Today, we’re kicking off a new column of occasional periodicity here at Hidden Track called Tracks of the Trade, whereby we swap stories with some of the more interesting folks in the music industry, the producers. These folks are the sonic equivalent of surgeons; charged not only with the careful dissection of dozens of tiny interactive pieces and ensuring their cohesive functionality, but also developing strong emotional bonds with their patients (often mental), offering varying degrees of bedside manner, and even sharing potentially critical advice.

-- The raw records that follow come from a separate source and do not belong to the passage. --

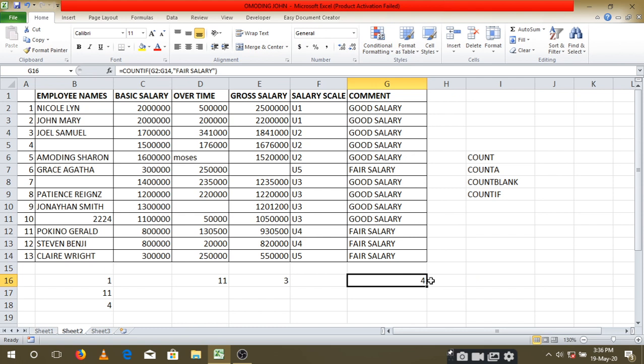This is how the count function can help us to easily know what cells are missing, how many people are in a certain range, and how many people we have in our system. Thank you so much. God bless.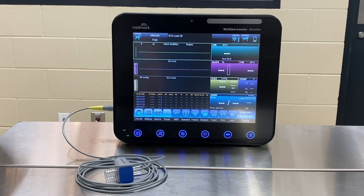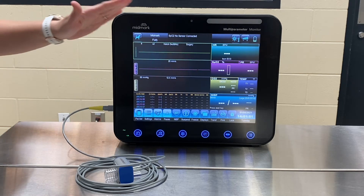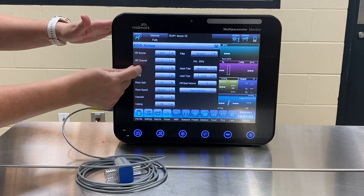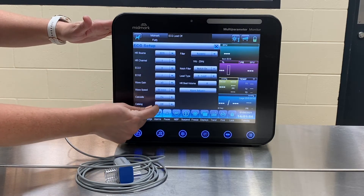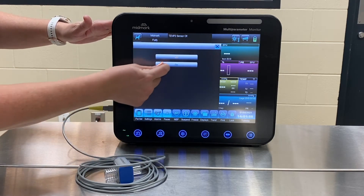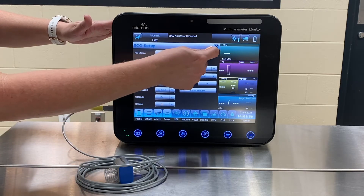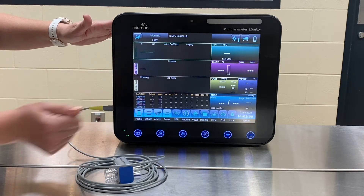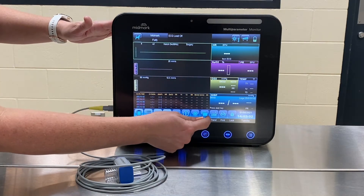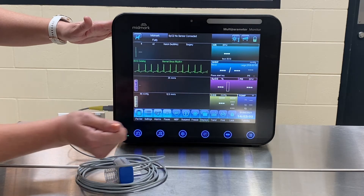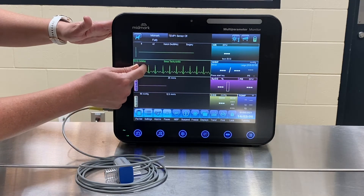The ECG library allows you to quickly scroll through 10 of the most common arrhythmias occurring in patients under anesthesia. To turn on the ECG library, press on the ECG waveform, find ECG catalog, and press On. Press X in the upper right to return to the main screen and select display modes to display the ECG catalog.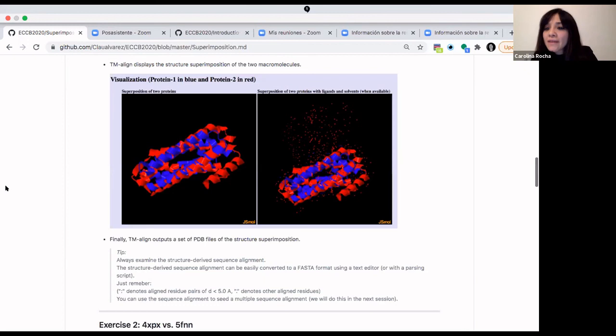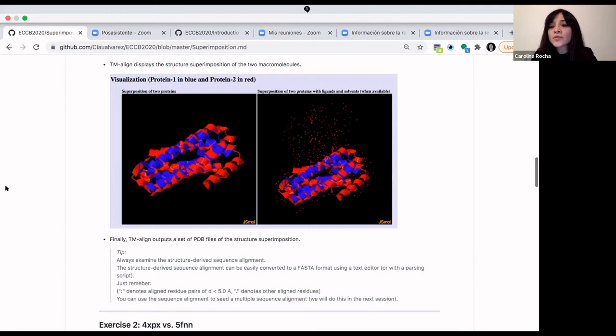Heidi asked whether structure superimposition can be done on parts of proteins rather than whole proteins — that addresses the same point about domain superimposition. Jose Marchand asked whether TM-align allows processing only PDB files.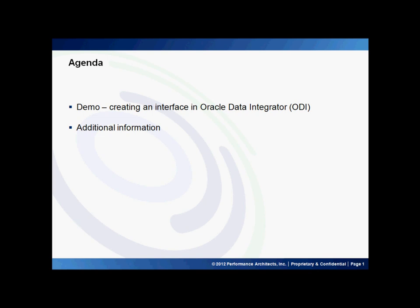Hello and welcome to Performance Architects how-to. My name is Viral. In this how-to, I'll discuss how to create an interface through the Designer tab within ODI.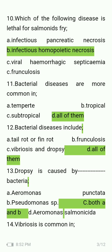Bacterial diseases are more common in which region — temperate, tropical, subtropical, or all of them? The answer is all of them. Bacterial diseases include tail rot or fin rot, furunculosis, vibriosis, and dropsy, or all of them? The answer is all of them.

To kick off the series in style, we invited one of the most prolific producers/mixers in music today, Peter Katis, to drop by to chew the fat. Peter Katis has collaborated on countless modern classics by the likes of the National, Frightened Rabbit, Interpol, Fanfarlo, Tokyo Police Club, Jonsi (Sigur Ros), and The Get Up Kids.


The “Sound” of “Music”

In thinking about our little surgeon analogy, in a likeness to the way we all go about choosing a doctor, it’s important to understand the mannerisms of a producer. After all, you have to like the person as much as the work. Specific to music, different producers take different positions as to where their role fits in with the musicians.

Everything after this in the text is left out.